Interviews with Scholars of Islam about their New Books
Support our show by becoming a premium member! https://newbooksnetwork.supportingcast.fm/islamic-studies

    Tarana Husain Khan et al., "Forgotten Foods: Memories and Recipes from Muslim South Asia" (Pan Macmillan, 2023)

    Tarana Husain Khan et al., "Forgotten Foods: Memories and Recipes from Muslim South Asia" (Pan Macmillan, 2023)

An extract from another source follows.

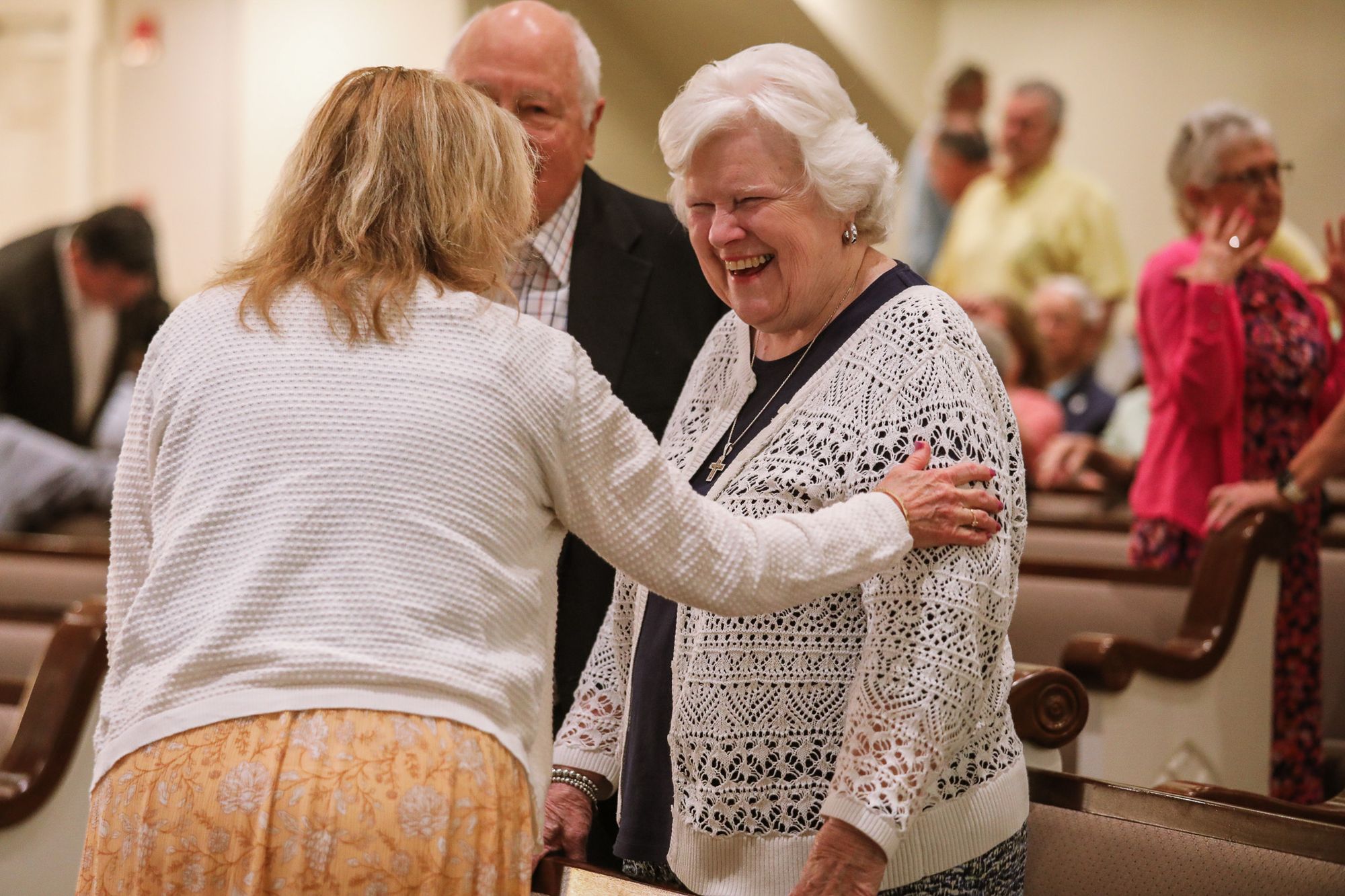 Church members greeting each other with a hug during a Sunday service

    Forgotten Foods: Memories and Recipes from Muslim South Asia (Pan Macmillan India, 2023) is a collection of essays and recipes that highlights the complex and layered food history of Muslim communities across South Asia. The contributors to the volume include historians, literary scholars, plant scientists, writers, chefs, and more. And their range of essays take us from Ladakh in the north to Sri Lanka in the south, as we learn how food has not been fixed but rather has traveled, survived, and transformed with its peoples. The memories of foods captured here, be it biryanis, pulaos, khicheris, prawn curries, dhal, kanhi (or khanji), and halwa, just to name a few, unsettle gender, class, economic, and caste boundaries, and welcome us to plunge into the delicious food practices of diverse Muslim communities be they Indians, Pakistanis, Rampuris, Kashmiris, Mappila, and Tamils. 
    The collection also critically highlights how food has been weaponized and politicized (as we see with Muslims eating beef in India today) while also being invoked in discourses of authenticity, especially as food practices and memories travel with those who are displaced into the diaspora, such as amongst Kashmiri Muslims. Food here is then used as an incisive analytical tool to complicate histories and contemporary experiences of Muslims in South Asia. This stunning archive of Muslim food memories and its accompanying delicious recipes will be of interest to so many communities of listeners, from academics of Islam in South Asia, food bloggers, foodies on social media, chefs, and more.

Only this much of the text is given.